REPUBLIKA.CO.ID, JAKARTA -- Bareskrim Polri menangkap pelaku pelecehan seksual via gim daring Free Fire berinisial S. Laki-laki usia 21 tahun itu ditangkap tim Direktorat Tindak Pidana Siber (Dittipidsiber) di Berau, Kalimantan Timur (Kaltim).
Kasubdit I Dittipidsiber Bareskrim Polri, Komisaris Besar Reinhard Hutagaol mengatakan, dari hasil penyelidikan dan penyidikan, S melakukan pelecehan seksual terhadap anak-anak di bawah umur. “S ini sudah ditetapkan sebagai tersangka. Tercatat jumlah korbannya sudah 11 orang anak-anak di bawah umur,” ujar Reinhard di Mabes Polri, Jakarta, Selasa (30/11).

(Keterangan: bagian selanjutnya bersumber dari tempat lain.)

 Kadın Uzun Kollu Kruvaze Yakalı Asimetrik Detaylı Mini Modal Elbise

Kata dia, korban pelecehan S, rata-rata perempuan berusia 9 sampai 17 tahun. Korbannya dari berbagai daerah. “Ada korbannya yang dari Sumatera, Jawa, Kalimantan, Sulawesi, juga ada korban yang di Papua,” terang Reinhard.

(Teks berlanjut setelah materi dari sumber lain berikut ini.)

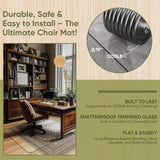 Furnbar Office Chair Mat for Carpet & Hardwood, Upgraded 29" x 42" Dual Use Tempered Glass Chair Mat for Chair and Footrest Under Desk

Dari penelusuran, kata Reinhard, tim penyidik sudah menemukan dan melakukan wawancara terhadap empat korban. Sedangkan para korban lainnya masih dalam penelusuran untuk direhabilitasi dan pemulihan jika terjadi trauma.

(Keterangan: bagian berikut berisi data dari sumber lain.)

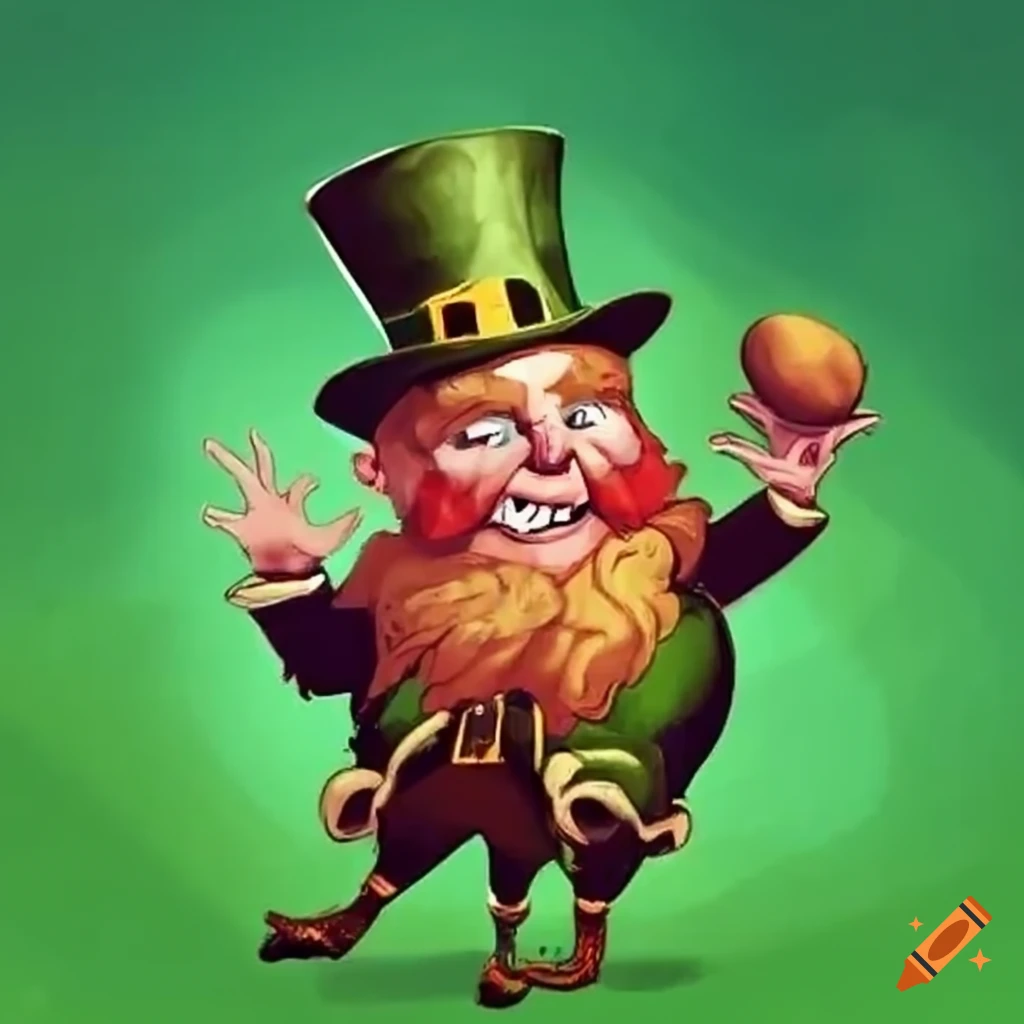 Leprechaun clicking heels with quote "Diddly Dee Potatoes!"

“Korban-korban lainnya, masih kita lakukan pencarian untuk ditemui dan diperiksa,” ujar Reinhard. Dalam kasus ini, tim kepolisian turut menggandeng sejumlah lembaga pendampingan dan kementerian untuk pengungkapan.
Reinhard menjelaskan, Kasus S ini sebetulnya berawal dari temuan dan pelaporan oleh tim di Komisi Perlindungan Anak Indonesia (KPAI) pada Agustus 2021 lalu. KPAI, kata dia, mendapatkan laporan dari salah satu keluarga korban inisial D.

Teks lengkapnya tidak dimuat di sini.